Mas Putro bercerita bahwa dulunya
beliau mendaftar di 5 universitas, termasuk MIT. Beberapa persyaratan yang
harus dipenuhi antara lain IPK, skor TOEFL dan GPA. Namun yang wajib dimiliki
jika ingin melanjutkan studi di sana adalah motivasi yang kuat untuk menerapkan
ilmu yang kita dapatkan di Indonesia. “Mereka senang dengan orang yang studinya
itu dapat diterapkan di negaranya.”
Dalam sistem pendidikan di
Amerika, kalau ingin mendaftar studi Pascasarjana langsung mendaftar online di website kampusnya, kemudian mengisi dokumen persyaratan yang
diminta. Setelah itu, pihak universitas akan menilai dokumen kita sesuai
kualifikasi. Setelah kita lulus penilaian, barulah pihak universitas akan
membicarakan mengenai biaya studi. “Jadi, hampir semua mahasiswa di sini
mendapat beasiswa,” ujar Mas Putro.
Beasiswanya sendiri ada berbagai
macam, misalnya dari Fulbright (kerjasama pemerintah Indonesia-Amerika), atau
melalui internship research. “Kalau
melalui internship, kita akan diberi
beasiswa oleh professor pembimbing. Mereka ‘kan ada project tuh. Nah, project
itu akan diajukan proposal risetnya ke universitas, dan jika lolos akan ada
dana yang diberikan. Beasiswa kita sudah termasuk dalam dana tersebut, dihitung
sebagai gaji. Jadi nanti professor itu sebarin email ke mahasiswa, ‘saya ada project
nih, siapa yang berminat silahkan gabung’. Nah, kita bisa gabung di risetnya
kalau memang sesuai minat kita. Bilang aja
kita punya minat yang sama dengan bidang riset beliau, selanjutnya professor
itu akan mengurus beasiswa internship
research kita,” lanjut Mas Putro.
“Dalam riset itu tidak melulu
soal kepintaran. Ini nggak seperti dosen yang ngasih soal ke mahasiswa. Tapi
diutamakan sikap dan etos kerja. Karena itu, sejak sekarang kalian mulai cari
kira-kira bidang apa yang kalian sukai, kemudian arahkan penelitian kalian ke
topik itu. Kalau bisa cari-cari aja
dosen yang sedang ada riset, minta supaya kalian bisa diikutkan ke dalam
risetnya. Kemudian coba dipublikasikan. Itu akan menjadi nilai plus untuk
mendapat beasiswa di Amerika. Nggak peduli jurnalnya apa, yang penting coba
nulis dulu.”
Di tengah perbincangan, saya dan
Azhar berkenalan dengan Mr. Hug dan Mr. Diego, roommate-nya Mas Putro. Saya
hanya berbicara singkat dengan mereka. Hmm, menurut saya mereka orang yang
ramah, hanya saja saya masih agak ragu untuk bicara banyak—besok-besok harus
berani!
Well, hari ini saya mendapat satu
suntikan motivasi lagi. Ya, saya memang punya cita-cita untuk melanjutkan studi
saya di sini, entah MIT, Harvard, atau Stanford. Setidaknya mulai saat ini saya
sudah harus mencicil apa saja yang harus saya persiapkan untuk meraih mimpi
saya suatu hari nanti. Makasih Mas Putro...

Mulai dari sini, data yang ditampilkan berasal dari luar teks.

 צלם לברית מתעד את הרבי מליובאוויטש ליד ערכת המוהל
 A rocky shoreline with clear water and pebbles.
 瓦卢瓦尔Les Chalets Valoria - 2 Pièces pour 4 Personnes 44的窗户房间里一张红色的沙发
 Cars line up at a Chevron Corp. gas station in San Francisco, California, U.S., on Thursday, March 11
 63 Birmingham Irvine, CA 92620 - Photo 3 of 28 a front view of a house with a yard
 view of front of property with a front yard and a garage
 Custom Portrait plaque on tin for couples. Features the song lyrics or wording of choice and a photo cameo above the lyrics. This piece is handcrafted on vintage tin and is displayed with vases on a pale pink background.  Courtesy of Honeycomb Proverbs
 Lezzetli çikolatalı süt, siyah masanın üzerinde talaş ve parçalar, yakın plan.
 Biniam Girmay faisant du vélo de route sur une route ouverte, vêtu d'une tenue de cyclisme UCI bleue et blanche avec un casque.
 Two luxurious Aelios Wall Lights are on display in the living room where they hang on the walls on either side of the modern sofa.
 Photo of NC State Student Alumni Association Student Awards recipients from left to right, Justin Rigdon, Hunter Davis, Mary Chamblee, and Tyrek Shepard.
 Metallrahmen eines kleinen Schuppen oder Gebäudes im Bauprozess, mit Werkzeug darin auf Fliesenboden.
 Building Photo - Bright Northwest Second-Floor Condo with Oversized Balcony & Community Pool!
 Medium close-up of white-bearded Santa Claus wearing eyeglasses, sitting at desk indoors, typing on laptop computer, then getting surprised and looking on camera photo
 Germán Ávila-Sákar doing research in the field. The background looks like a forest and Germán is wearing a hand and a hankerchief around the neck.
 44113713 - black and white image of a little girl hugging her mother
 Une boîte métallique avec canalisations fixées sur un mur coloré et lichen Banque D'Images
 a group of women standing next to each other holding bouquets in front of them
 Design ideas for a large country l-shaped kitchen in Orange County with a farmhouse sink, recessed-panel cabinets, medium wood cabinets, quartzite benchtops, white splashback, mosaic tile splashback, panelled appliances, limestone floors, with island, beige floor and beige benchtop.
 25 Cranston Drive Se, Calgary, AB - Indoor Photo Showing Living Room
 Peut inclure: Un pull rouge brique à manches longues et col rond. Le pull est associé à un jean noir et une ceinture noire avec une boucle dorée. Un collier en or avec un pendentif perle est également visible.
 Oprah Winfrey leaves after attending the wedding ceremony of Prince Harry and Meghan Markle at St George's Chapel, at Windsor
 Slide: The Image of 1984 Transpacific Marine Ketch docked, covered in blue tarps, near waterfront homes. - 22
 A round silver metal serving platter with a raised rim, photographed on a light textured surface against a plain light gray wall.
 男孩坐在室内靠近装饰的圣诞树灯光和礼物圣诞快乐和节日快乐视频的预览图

Oke Dreamers, itu dia cerita saya hari ini. Apa yang akan kami lakukan besok? Keseruan apa yang akan kami hadapi??? Pantengin terus blog Sumbawa Dream yaa!!! See you tomorrow!!!
Oke Dreamers, itu dia cerita saya hari ini. Apa yang akan kami lakukan besok? Keseruan apa yang akan kami hadapi??? Pantengin terus blog Sumbawa Dream yaa!!! See you tomorrow!!!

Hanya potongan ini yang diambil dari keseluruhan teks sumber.